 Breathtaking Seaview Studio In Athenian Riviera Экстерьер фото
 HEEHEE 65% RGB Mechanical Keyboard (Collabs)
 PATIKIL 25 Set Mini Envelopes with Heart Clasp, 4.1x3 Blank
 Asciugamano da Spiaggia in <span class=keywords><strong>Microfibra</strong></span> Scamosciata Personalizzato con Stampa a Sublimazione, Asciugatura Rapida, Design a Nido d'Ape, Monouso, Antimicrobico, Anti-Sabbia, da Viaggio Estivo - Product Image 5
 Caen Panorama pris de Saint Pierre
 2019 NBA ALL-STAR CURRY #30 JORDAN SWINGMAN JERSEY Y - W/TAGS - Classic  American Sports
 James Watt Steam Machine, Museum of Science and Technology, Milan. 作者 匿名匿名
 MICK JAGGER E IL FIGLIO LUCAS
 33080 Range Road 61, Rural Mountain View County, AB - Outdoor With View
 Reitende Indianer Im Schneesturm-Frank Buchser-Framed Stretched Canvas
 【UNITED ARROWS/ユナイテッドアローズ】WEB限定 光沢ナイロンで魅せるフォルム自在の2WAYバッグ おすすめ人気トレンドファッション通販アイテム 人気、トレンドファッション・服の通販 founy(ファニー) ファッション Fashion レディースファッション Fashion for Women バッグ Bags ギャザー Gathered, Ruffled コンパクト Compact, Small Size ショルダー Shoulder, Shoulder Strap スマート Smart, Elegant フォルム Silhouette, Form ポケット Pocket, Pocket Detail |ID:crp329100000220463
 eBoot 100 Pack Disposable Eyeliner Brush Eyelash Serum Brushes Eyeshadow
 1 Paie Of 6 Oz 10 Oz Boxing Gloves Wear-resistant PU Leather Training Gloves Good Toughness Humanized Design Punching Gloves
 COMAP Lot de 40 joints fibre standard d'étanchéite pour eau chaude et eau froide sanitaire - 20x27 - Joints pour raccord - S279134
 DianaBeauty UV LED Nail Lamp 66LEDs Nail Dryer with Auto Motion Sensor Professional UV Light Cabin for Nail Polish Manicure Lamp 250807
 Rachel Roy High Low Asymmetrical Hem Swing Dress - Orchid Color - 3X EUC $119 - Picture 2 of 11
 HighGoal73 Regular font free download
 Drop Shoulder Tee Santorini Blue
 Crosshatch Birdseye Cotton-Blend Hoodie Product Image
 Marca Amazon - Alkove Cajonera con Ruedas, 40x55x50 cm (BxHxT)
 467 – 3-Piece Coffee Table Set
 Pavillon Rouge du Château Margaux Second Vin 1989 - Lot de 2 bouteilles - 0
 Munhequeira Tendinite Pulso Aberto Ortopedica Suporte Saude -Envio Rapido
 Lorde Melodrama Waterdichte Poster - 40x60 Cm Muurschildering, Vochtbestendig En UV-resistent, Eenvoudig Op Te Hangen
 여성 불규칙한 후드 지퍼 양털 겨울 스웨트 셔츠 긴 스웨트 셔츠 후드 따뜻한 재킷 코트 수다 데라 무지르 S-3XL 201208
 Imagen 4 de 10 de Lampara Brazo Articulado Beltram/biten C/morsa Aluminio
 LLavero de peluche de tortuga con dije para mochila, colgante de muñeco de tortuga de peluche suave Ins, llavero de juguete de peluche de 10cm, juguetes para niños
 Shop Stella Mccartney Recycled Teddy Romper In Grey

- [WHAT TO DO]:
Above are records; repeat only the lines starting at the line with "HighGoal73 Regular font free download" and ending at the line with "Imagen 4 de", exactly as they appear, both included.

- [EXERCISE SOLUTION]:
 HighGoal73 Regular font free download
 Drop Shoulder Tee Santorini Blue
 Crosshatch Birdseye Cotton-Blend Hoodie Product Image
 Marca Amazon - Alkove Cajonera con Ruedas, 40x55x50 cm (BxHxT)
 467 – 3-Piece Coffee Table Set
 Pavillon Rouge du Château Margaux Second Vin 1989 - Lot de 2 bouteilles - 0
 Munhequeira Tendinite Pulso Aberto Ortopedica Suporte Saude -Envio Rapido
 Lorde Melodrama Waterdichte Poster - 40x60 Cm Muurschildering, Vochtbestendig En UV-resistent, Eenvoudig Op Te Hangen
 여성 불규칙한 후드 지퍼 양털 겨울 스웨트 셔츠 긴 스웨트 셔츠 후드 따뜻한 재킷 코트 수다 데라 무지르 S-3XL 201208
 Imagen 4 de 10 de Lampara Brazo Articulado Beltram/biten C/morsa Aluminio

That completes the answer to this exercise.